Sua pele esfriou mais do que o normal e por mais que eu lambesse seu rosto, ela não levantava para me dar comida. Seu cheiro mudou muito, não era mais tão agradável quanto costumava ser. Sua pele ficou ainda mais branca, mas já não tão macia. Arranhei seu rosto duas vezes – pois estava mesmo com muita fome - e mesmo assim ela não acordou. 
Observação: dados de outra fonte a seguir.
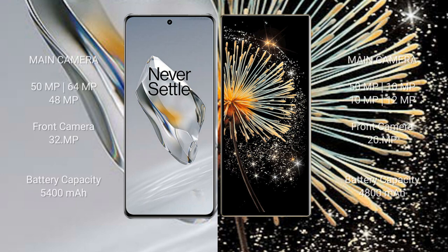The OnePlus 12 features a triple rear camera setup: 50MP plus 64MP plus 48MP, with a 32MP front camera. The Xiaomi Mix Fold 3 also has a triple rear camera setup: 50MP plus 10MP plus 10MP plus 2MP, with a 20MP front camera.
Um tempo depois, o telefone de sua casa tocou novamente, pensei que agora ela acordaria para atentá-lo e que talvez, assim como um telefonema a deixou triste, esse talvez a deixasse feliz (eu não me importava em perder minha namorada, desde que ela se levantasse e me desse o que comer), mas não. Nem mesmo para atender ao telefone que tocava de hora em hora, ela levantou. Talvez fosse o dono dela querendo saber se ela comeu, ou se tomava os remédios direitinhos... 
Eu sair de casa por uma janela. 
Voltei a viver nas ruas, voltei a ser namorado de Mimi (que agora era uma gata grande). 
E sempre conto essa historia para os outros gatos. Conto que uma vez tive uma namorada humana e que ela morreu de telefonema.